December 21st, 2018
A Primer in Root Cause Analysis
By Mark Henry - Senior System Engineer
We’ve seen it time and time again, a ticket comes into the help desk, a customer is complaining about a slow application or poor voice quality during a call. We start digging into the problem, maybe pull some logs, grab some performance data from the NMS. Everything we find is inconclusive, and when we check back with the client the symptoms have passed. The problem is gone, and another ticket is in the queue, so we move on – no wiser as to what caused the issue – knowing that it will reappear.

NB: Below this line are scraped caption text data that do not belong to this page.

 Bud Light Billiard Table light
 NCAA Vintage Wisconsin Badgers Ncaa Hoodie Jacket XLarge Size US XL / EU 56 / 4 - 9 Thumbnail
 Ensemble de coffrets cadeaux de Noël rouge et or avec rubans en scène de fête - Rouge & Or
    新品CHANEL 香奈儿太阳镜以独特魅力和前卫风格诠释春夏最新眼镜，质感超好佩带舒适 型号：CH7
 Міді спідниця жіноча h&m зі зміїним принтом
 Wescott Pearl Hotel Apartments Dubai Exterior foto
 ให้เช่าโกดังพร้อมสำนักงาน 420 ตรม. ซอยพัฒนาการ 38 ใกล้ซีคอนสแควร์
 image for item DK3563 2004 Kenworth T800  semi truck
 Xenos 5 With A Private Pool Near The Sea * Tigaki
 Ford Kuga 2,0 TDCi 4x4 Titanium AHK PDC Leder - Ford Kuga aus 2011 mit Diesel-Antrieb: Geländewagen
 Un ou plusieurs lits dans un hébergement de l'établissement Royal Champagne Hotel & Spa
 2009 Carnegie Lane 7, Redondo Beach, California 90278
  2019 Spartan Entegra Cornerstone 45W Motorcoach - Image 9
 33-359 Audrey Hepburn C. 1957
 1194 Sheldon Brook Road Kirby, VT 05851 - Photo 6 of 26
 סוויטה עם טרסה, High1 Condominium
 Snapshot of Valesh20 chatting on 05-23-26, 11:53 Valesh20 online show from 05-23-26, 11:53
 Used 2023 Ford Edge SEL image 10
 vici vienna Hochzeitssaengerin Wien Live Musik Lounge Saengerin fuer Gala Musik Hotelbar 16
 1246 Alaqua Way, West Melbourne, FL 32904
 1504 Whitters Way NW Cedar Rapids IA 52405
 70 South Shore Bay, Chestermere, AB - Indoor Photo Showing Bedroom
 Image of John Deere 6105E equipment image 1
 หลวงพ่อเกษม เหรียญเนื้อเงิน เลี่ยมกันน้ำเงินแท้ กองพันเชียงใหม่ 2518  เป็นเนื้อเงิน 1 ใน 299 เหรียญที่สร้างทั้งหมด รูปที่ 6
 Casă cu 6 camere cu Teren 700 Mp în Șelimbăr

The process of getting to the core, or root of a fault or problem is called Root Cause Analysis (RCA). Root Cause Analysis is not a single, stringent process, but rather a collection of steps, often organized specifically by type of problem or industry, which can be customized for a particular problem. When it comes to identifying the root cause of an IT-related event a combination of process-based and failure-based analysis can be employed. By applying an RCA process, and remediating issues to prevent their future occurrence, reactive engineering teams can be transformed into proactive ones that solve problems before they occur or escalate.
In this article I will attempt to outline a general process for troubleshooting network-related events, meaning those issues which directly impact the performance of a computer network or application resulting in a negative impact on user experience. While I will use Opmantek’s Solutions in the examples, these steps can be applied to any collection of NMS tools.
Introduction to Root Cause Analysis
Describing the RCA process is like peeling back an onion. Every step of the process is itself comprised of several steps. The three main steps of the RCA process are included below. The first two steps are often completed in tandem, either by an individual or by a team in a post-mortem incident review meeting.
- Correctly and completely identify the event or problem,
- Establish a timeline from normal operation through to the event,
- Separate root causes from causal factors
Identifying the Event or Problem
Completely and accurately identifying the problem or event is perhaps the easiest part of RCA when it comes to networking issues.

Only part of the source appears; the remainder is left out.